Немало думал и примерял он, чтобы размещение картин получилось удачно. Он писал 4 октября 1882 года Репину: «галерея наша с 1 окт. до 1 ноября закрыта по случаю работ по устройству Верещагинских коллекций и некоторых Передвиженских прочих картин». Репин в письме от 5 октября выразил свои предположения относительно этого размещения: «Неужели Верещагина Вы повесите внизу? Следует непременно наверху». 22 октября Павел Михайлович сообщает ему: «Коллекции Верещагина помещены все внизу и освещены превосходно; может быть большие картины наверху и выиграли бы еще (некоторые), но за то маленькие никогда еще, нигде так хорошо не освещались, а раздроблять я их не хотел и, по крайней мере, я сам остаюсь вполне доволен их размещением. Установка этих коллекций продолжалась ровно 20 дней. Теперь реставрируется нижнее отделение старой галереи, потом уже начну кое-что переносить из старой верхней в новую; хлопот предстоит еще очень много».

С этого Павел Михайлович и начал. Наверх в первый новый зал (зал 3) перешли картины Прянишникова, Маковского, Чистякова, Лагорио, «Казнь стрельцов» Сурикова и др. Во второй (зал 4) — Шишкин, Куинджи, Максимов, Бронников, Мясоедов, Айвазовский, «Слово о полку Игореве» Васнецова и др. В третий зал (зал 5) — Крамской и Васильев, которые остались там и при последней развеске, сделанной Павлом Михайловичем перед смертью.

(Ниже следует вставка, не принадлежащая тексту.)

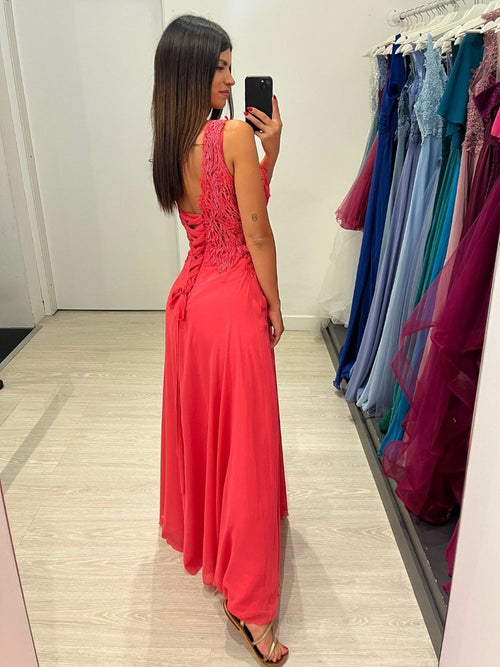 Abito cerimonia corpetto foglie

В старом большом зале осталась на прежнем месте только «Военная дорога» Филиппова над лестницей. По длинной левой стене, начиная от лестницы, со старейших художников, заняли место портреты, картины, пейзажи вперемешку. Эта стена кончалась у входа в жилые комнаты произведениями Брюллова и Бруни. На узкой стене висела в центре «Богоматерь» А. Максимова9, а вокруг картины Худякова, Горавского, Ломтева, Капкова, Макарова10, Захарова11, Зарянко. На другой длинной стене — И.И. Соколов, Трутовский, Якоби, Пукирев, Флавицкий, Перов и другие.

В старом помещении внизу были выставлены бывшие под спудом «альбомные вещи», как в старину называли рисунки и акварели.

Кстати скажу, что одновременно с этой пристройкой галереи производилась также пристройка жилого помещения. Фасад дома, выходящий в сад на запад, продолжили. 31 октября Марья Ивановна известила путешествующую Веру Николаевну, что в пристройку переехали дети — Люба и Миша — с гувернанткой Ольгой Николаевной, а также заселен низ, и прибавила, что все очень довольны.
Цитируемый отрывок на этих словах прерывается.